6882 Eindprofetie - Behoort u tot de mijnen?

30 juli 1957: Boek 74

Wie zich tot de mijnen rekent weet ook dat de tijd van het einde aangebroken is, dat de mensheid voor een geestelijk en aards keerpunt staat. Want de geest spreekt tot de mijnen en zij kunnen innerlijk door de geest worden aangesproken. Zij vernemen dus direct of als gedachte mijn stem en zij nemen het woord dat hun door mijn boden gebracht wordt en dat van Mij afkomstig is, ook gelovig aan. De mijnen weten dus in welke tijd zij leven. Zij weten dat het laatste uur op de wereldklok spoedig zal hebben geslagen, dat voor talloze mensen op deze aarde de nacht aanbreekt. Dat echter ook een nieuwe dag aanbreekt voor de anderen, voor de weinige die Mij trouw blijven tot het einde, die tot mijn kleine kudde behoren, die Ik dus de "mijnen" noem. Deze hebben dus nog een taak op aarde. Zij moeten ook hun medemensen vertellen wat de aarde te wachten staat. Dat zal niet gemakkelijk zijn. Want hoe overtuigd de mijnen ook zijn van de waarheid van mijn woorden, dus ook van de aankondigingen van het einde en het laatste gericht, de medemensen zullen hun geen geloof schenken maar veel eerder zich onwillig afwenden wanneer tegenover hen melding wordt gemaakt van het laatste gericht.

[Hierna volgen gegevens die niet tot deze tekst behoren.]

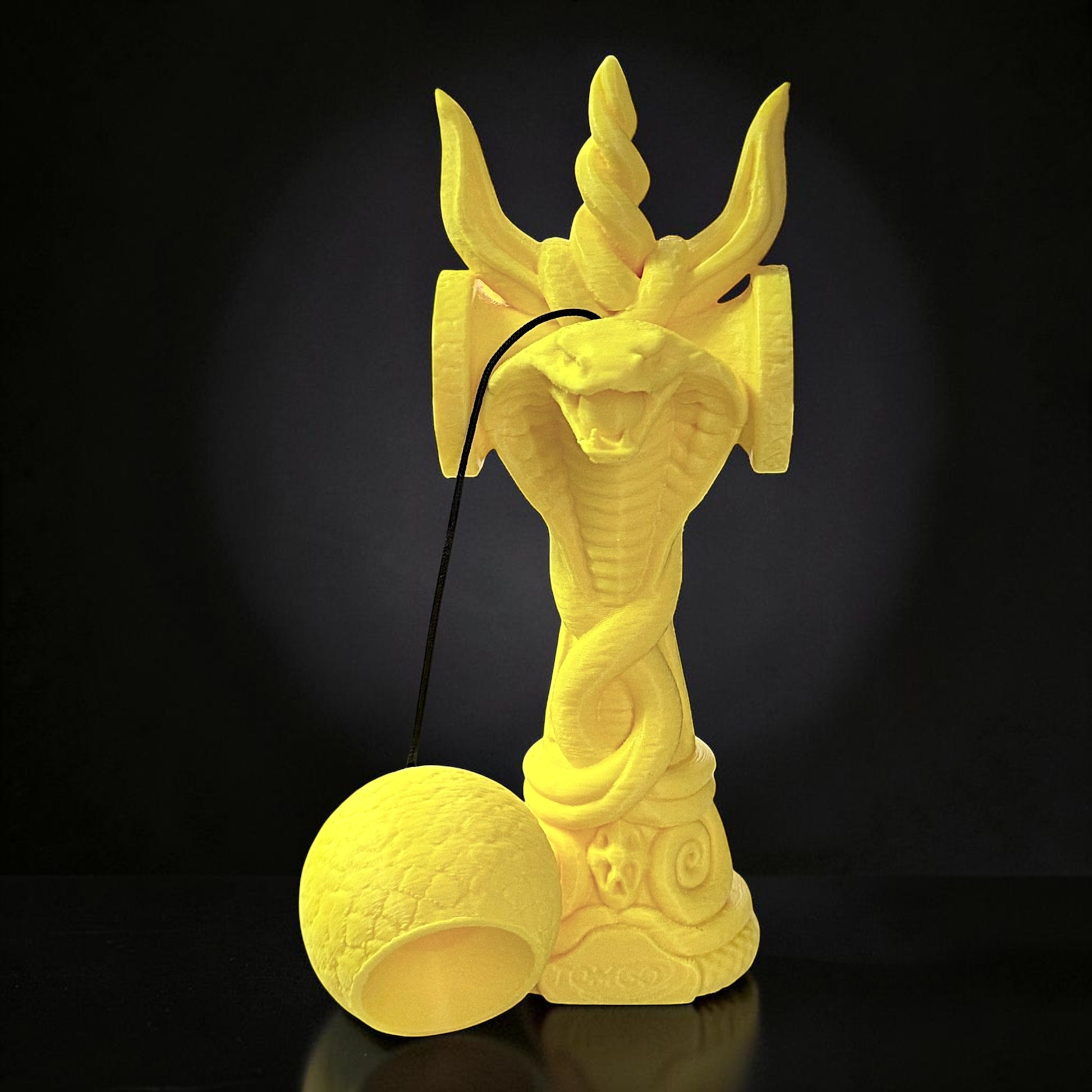 Jucărie Kendama Cobra Tom GO din lemn de fag, galbenă, cu design detaliat de șarpe încolăcit și accesorii pentru joc.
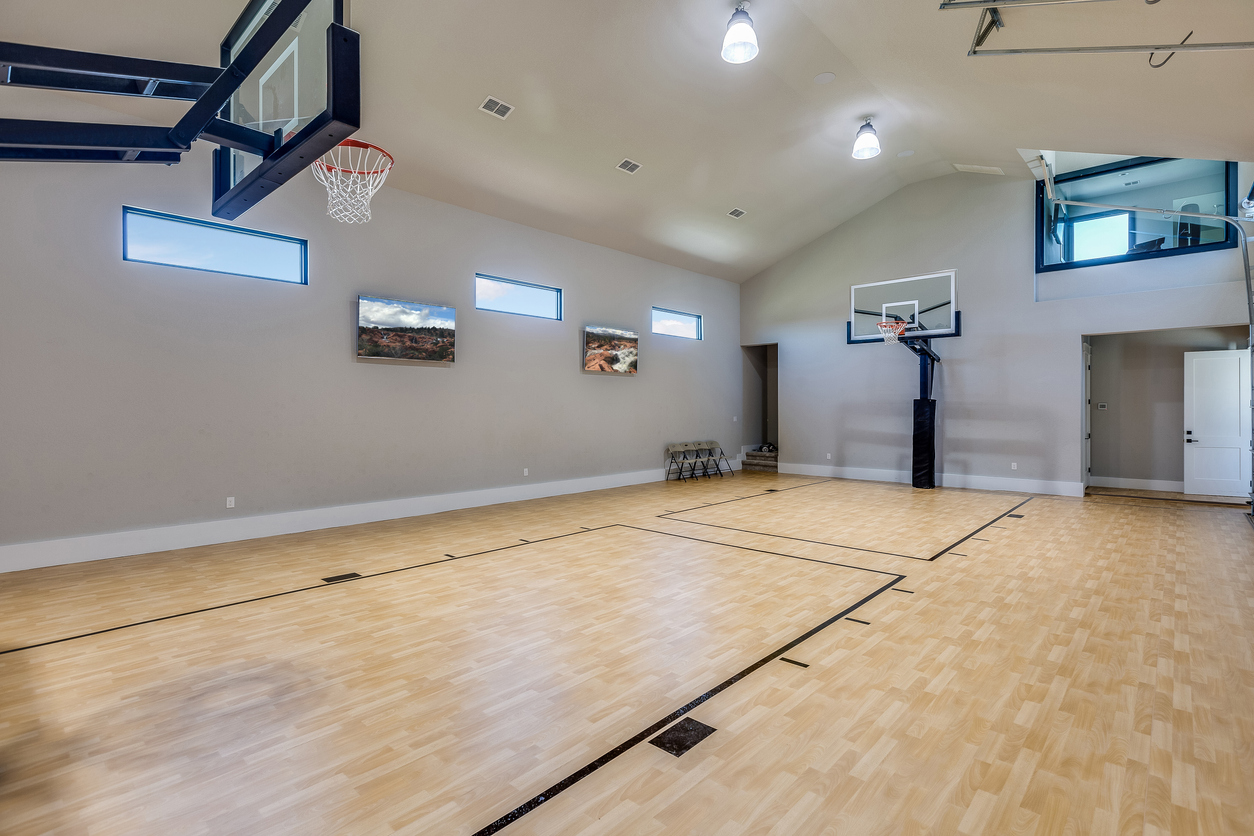How much would a basketball court cost for real? We break down everything from basic to custom courts.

Maar u die Ik kan aanspreken, u zult steeds weer moeten proberen daarover te spreken dat het door Mij aangekondigde einde niet lang meer op zich laat wachten. Als bewijs daarvan zult u ook moeten wijzen op de natuurcatastrofe die vooraf nog de hele wereld in beroering zal brengen. U moet hen duidelijk maken dat met evengrote zekerheid ook het daaropvolgende einde verwacht kan worden. Want door het natuurgebeuren wil Ik de mensen nog een laatste waarschuwing, een laatste aanwijzing geven, opdat het hun niet zo zwaar valt te geloven wat u hun zegt. Wie zelf in het licht staat moet ook licht laten stralen in de duisternis. Wie zelf in Mij en mijn woord gelooft, moet ook proberen zijn medemensen tot geloof te brengen en in alle liefde op hen inwerken opdat hij niet op weerstand stuit. Daarom zal het natuurgebeuren niet lang meer op zich laten wachten, dient het toch ertoe bij te dragen dat de mensen worden voorbereid op het einde. Ook zult u melding moeten maken van het natuurgebeuren, van mijn ingrijpen waarvan ieder mens kennis zal kunnen nemen. Want het zal van een ontzaglijke omvang zijn en niet als een alledaags gebeuren kunnen worden afgedaan.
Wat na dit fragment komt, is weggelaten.